My system is explorer lite.

Cheers

Murray
rainier
Site Admin
Posts: 647
Joined: Fri Aug 28, 2020 7:03 pm

Re: Flight and engine data (Black box info)

Post by rainier »

The EFIS records this data only when a flight is active. Ensure you have setup your EFIS so it properly detects start and end of a flight or if you use manual mode you start and end the flight in the action menu. You know that a flight is active if you look at the flight timer on the screen and it is flashing (assuming you are using standard screens or have a custom screen that includes the flight timer).

The EFIS automatically records to an internal memory chip. This tends to hold about the last two hours of flight. You can extract this data to an SD using the relevant function in the common tasks menu.

You can also record to an external SD card in parallel at the same time. The card must be formatted FAT32 and you must prepare a recording file called iEFIS.REC. This is fixed size file and the size determines how much data it can record. You can use 1MByte = 1 hour as a rough estimate. It depends a bit of what the EFIS records and that is dependent on your setup - for example it makes a difference if you have one or four engines to monitor.

You will find functions to enable the external recording in the Flight data recording setup menu as well as functions to create the recording file.

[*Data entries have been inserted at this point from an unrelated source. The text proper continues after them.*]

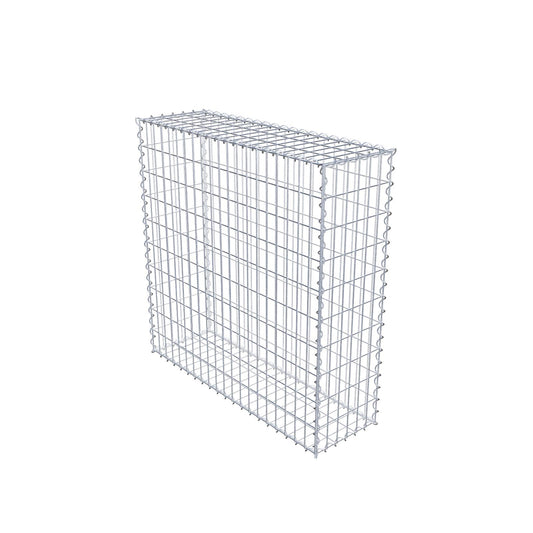 Set of 2 gabions 100 cm x 100 cm x 30 cm (L x H x D), mesh size 5 x 10 cm, spiral
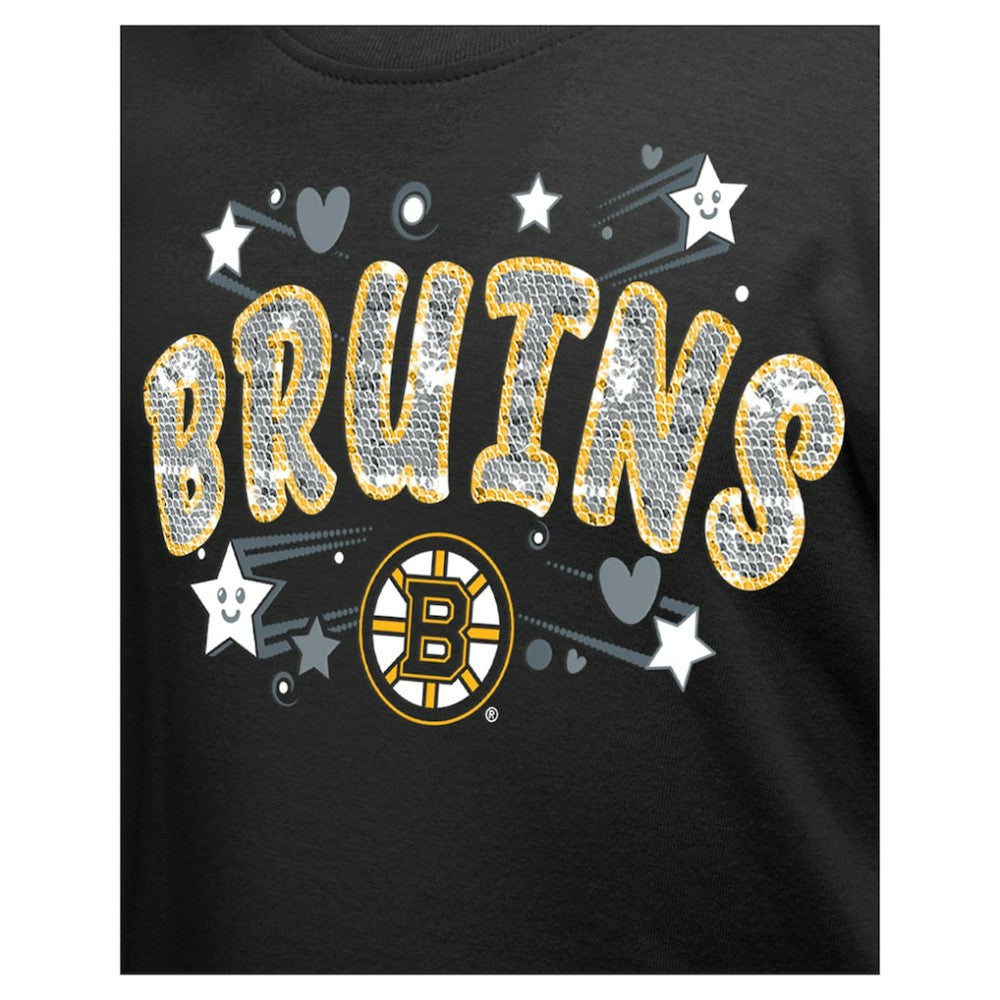Boston Bruins New Era Girl's Youth Flip Sequin T-Shirt - Black - NHL 201889076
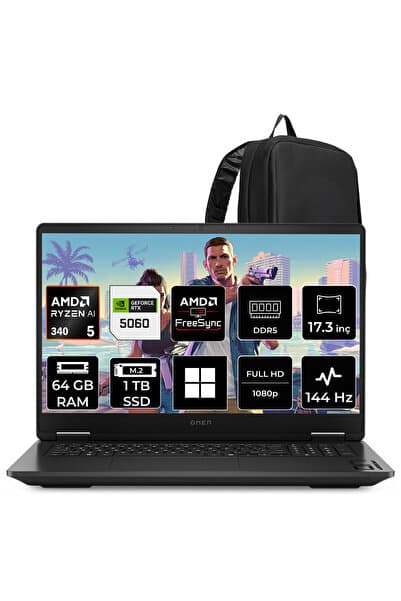 HP Omen 17 AMD Ryzen AI 5 340 RTX 5060 8GB 64GB RAM 1TB SSD 17.3" FHD 144Hz Win11 Home C2EZ7EAP339 Gaming Laptop + PER4 Çanta - Görsel 1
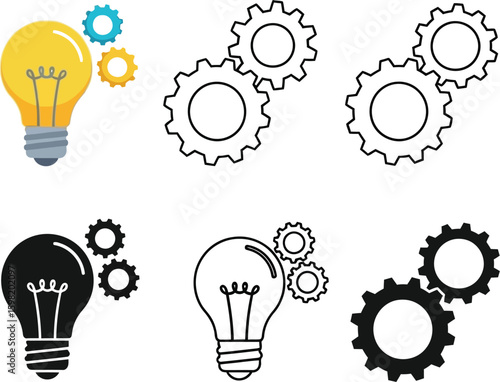 Light bulb and gears vector illustration for creative idea innovation and engineering concept design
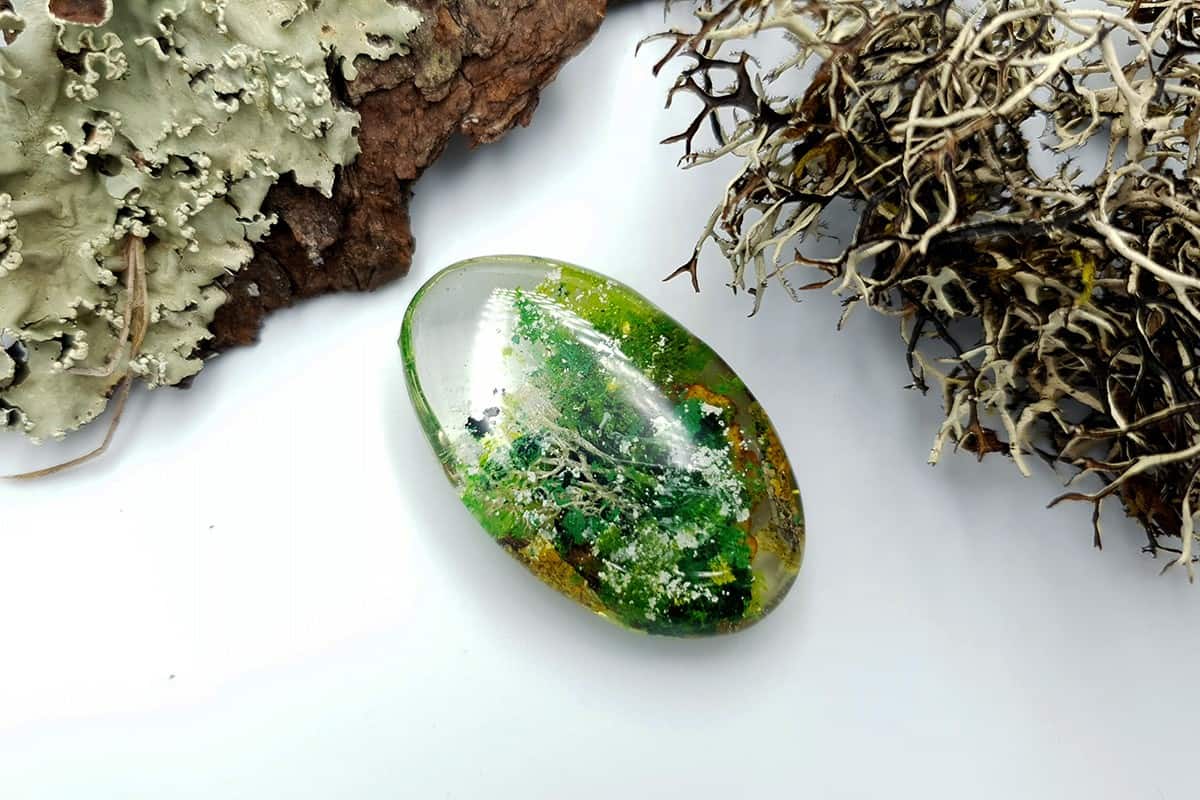 1 pcs UV Resin Faux Moss Agate Stone (Set #1) Cabochons SweetyBijou Cabochons   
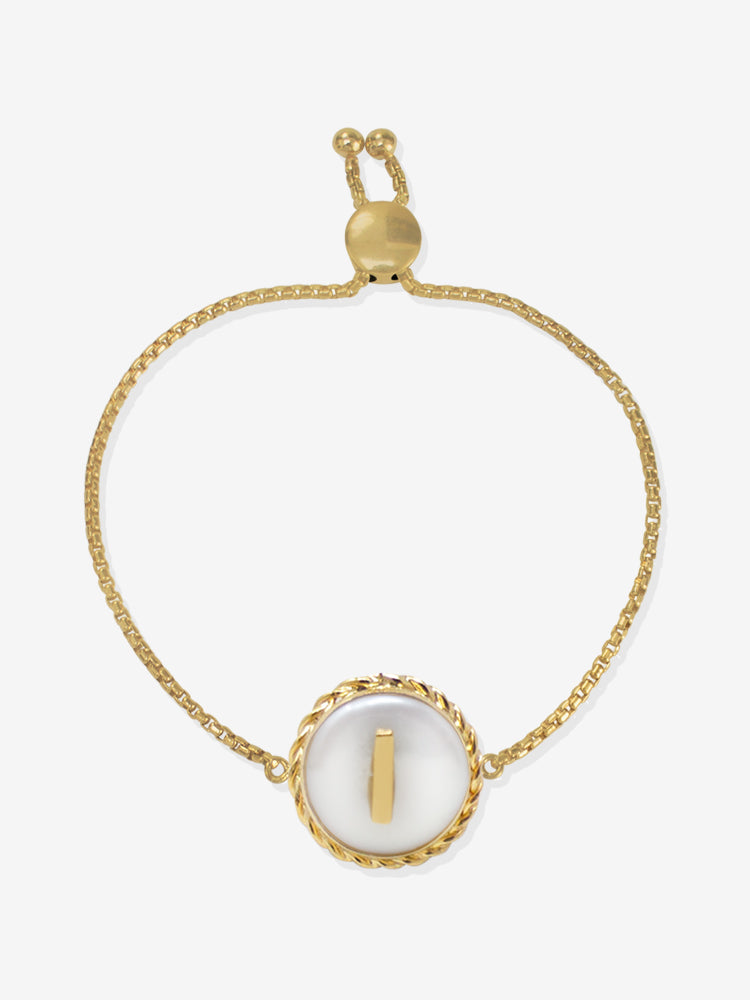 Moonglow Gold-plated Initial Pearl Bracelet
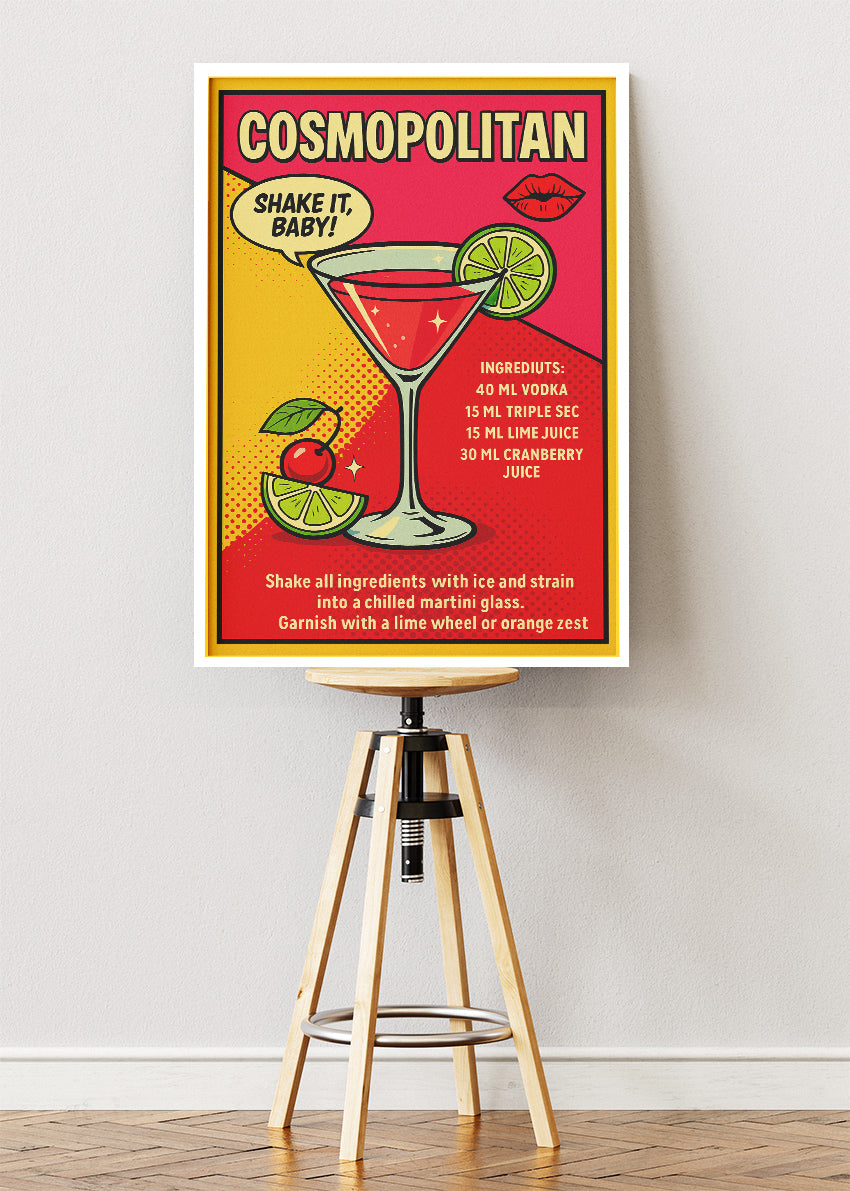 Cosmopolitan Pop Art Cocktail Poster & Canvas Print | Retro Bar Wall Art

You can create the file by any means (for example on a PC). It must be a file filled with zeros to start and the file size must be evenly dividable by 512 (the size of a disk sector). If you create a file that is say 1GByte in size - it will hold roughly 1000 hours. The recording starts at the start of the file and proceeds to the end in chunks of 512 bytes (the logical size of a chunk of data that can be written in one transaction). If the end of the file is reached it wraps back to the start. Each sector contains information (the first 4 bytes) of the date and time of that data. When the system first starts it will look for that file and scan it to find the oldest sector (or a zero one) so it knows where to continue the recording from.

If you have everything enabled and setup you will see a pop up in blue just at take-off telling you that recording has started. If it is setup but cannot find the recording file it will give a red message to that effect.

In order to read the data you use the iEFIS Black box flight data viewer application. This first splits the recording file into individual flights (with filename based on start date and time) when you import the raw recording file. After that you can view the individual flights. As there can be a lot of data items - you select which ones you want to view in the graph - I usually start with altitude as that is a nice reference over the flight and then add other items I am interested in. You can also zoom into a segment if the flight is long.
You can export the data in some formats (for example to import into excel) and you can also export a KML file of the flight profile in 3D which you can view in Google Earth superimposed over terrain. This is quite useful as well.

Finally the reason we use a fixed sized recording file is SD card wear - these cards use Flash memory which has limited amount of write cycles. if you start a zero length file and grow it it requires an update to the directory holding the file information for every single write apart from changes to the file system structure records. This tends to destroy the SD card - sometimes fairly quickly. The cards have error detection and correction algorithms built in and will swap out bad sectors with new ones (there are spare sectors - that's why if you buy a 16GByte card it only shows 14Gbytes or so when you view the disk size - some sectors are bad from new and have been removed during production.
Anyway - by doing it our way there is effectively zero wear to the card - the only danger remaining that during a sector swap it is not possible to recover the original sector or the swap fails due to unexpected card removal etc.

I hope this makes it clear...
Murray172
Posts: 4
Joined: Tue May 16, 2023 9:37 am

Re: Flight and engine data (Black box info)

Post by Murray172 »

Thanks Rainier,

It turned out to be the SD card I was using wasn't formatted FAT32. Worked fine once I used the correct format.